=== Caption-style text data ===
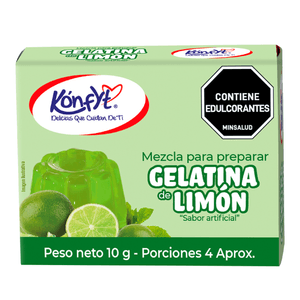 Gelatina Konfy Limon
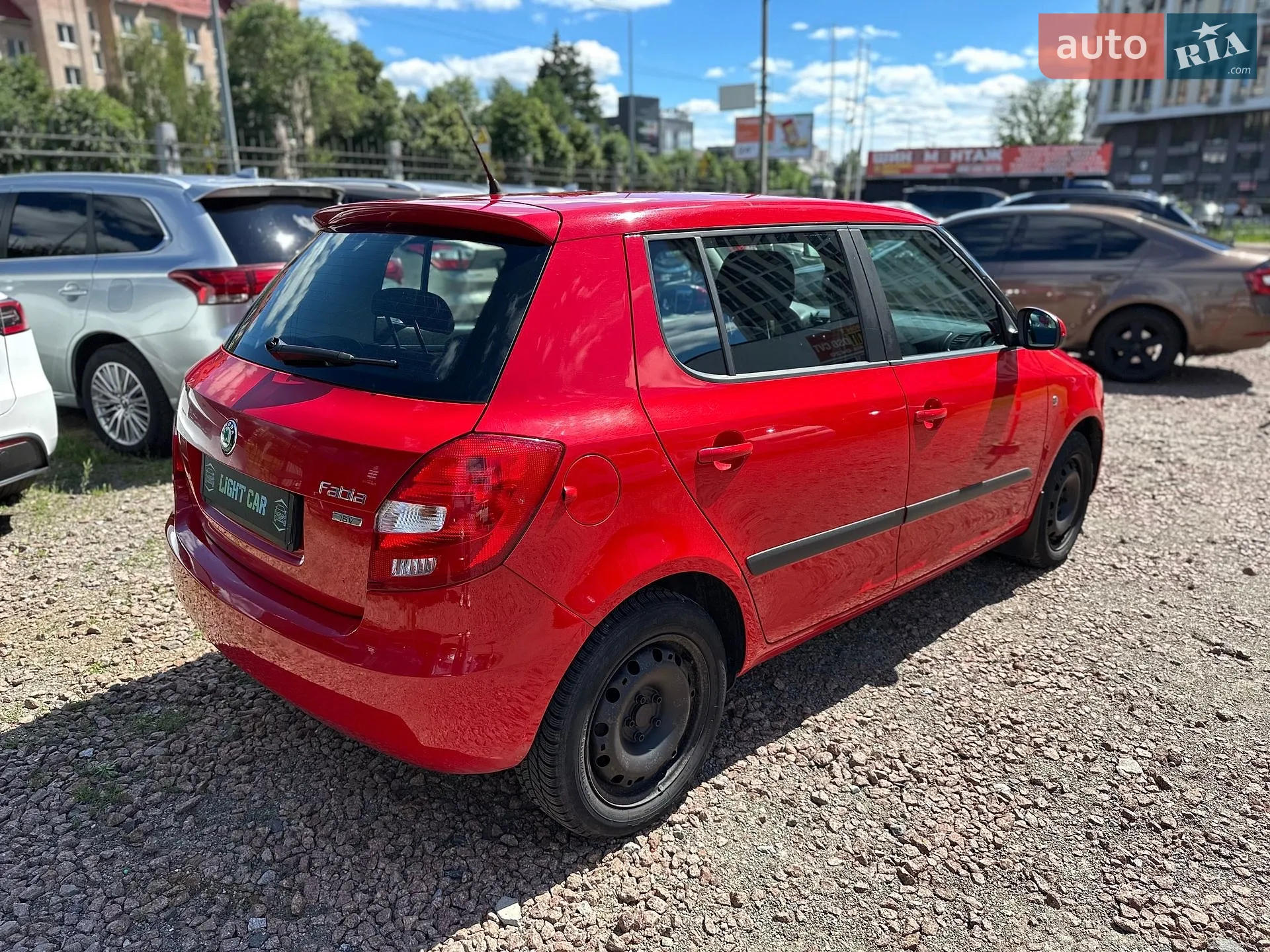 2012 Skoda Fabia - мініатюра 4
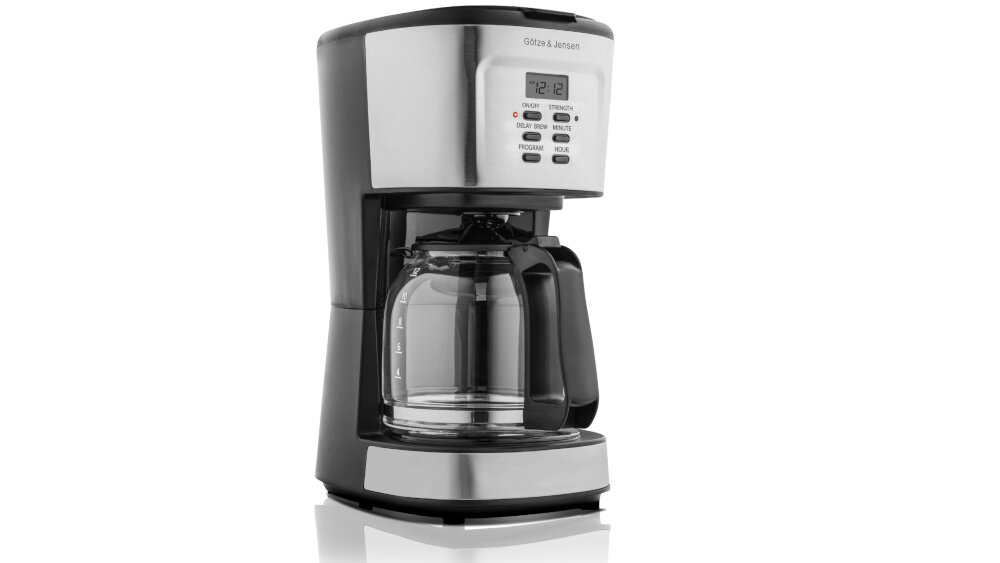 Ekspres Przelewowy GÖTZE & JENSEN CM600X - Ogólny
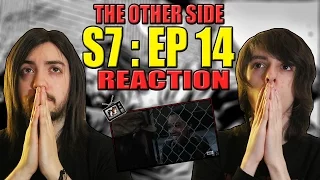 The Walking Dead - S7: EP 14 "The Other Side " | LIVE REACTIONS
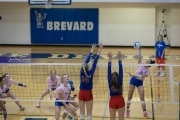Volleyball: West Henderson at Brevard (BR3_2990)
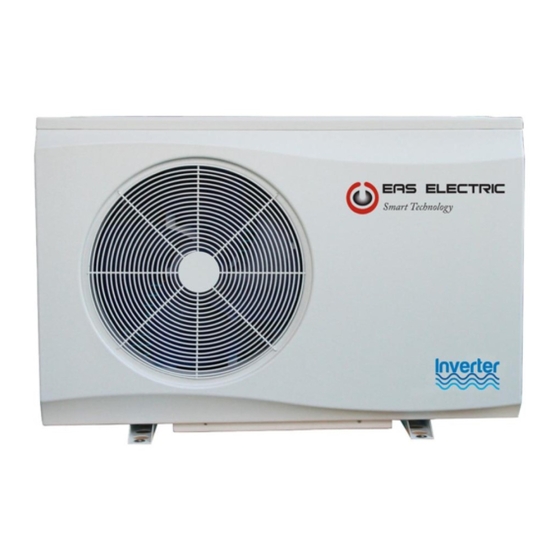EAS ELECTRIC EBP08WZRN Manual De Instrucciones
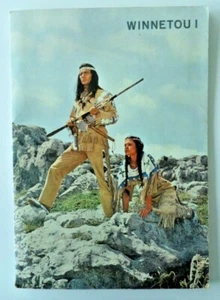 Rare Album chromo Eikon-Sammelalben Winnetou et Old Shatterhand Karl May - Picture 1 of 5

=== WHAT TO DO ===
Make a verbatim copy of all the entries and strip out the pictures.

=== SOLVED EXERCISE ===
 Gelatina Konfy Limon
 2012 Skoda Fabia - мініатюра 4
 Ekspres Przelewowy GÖTZE & JENSEN CM600X - Ogólny
 The Walking Dead - S7: EP 14 "The Other Side " | LIVE REACTIONS
Volleyball: West Henderson at Brevard (BR3_2990)
EAS ELECTRIC EBP08WZRN Manual De Instrucciones
 Rare Album chromo Eikon-Sammelalben Winnetou et Old Shatterhand Karl May - Picture 1 of 5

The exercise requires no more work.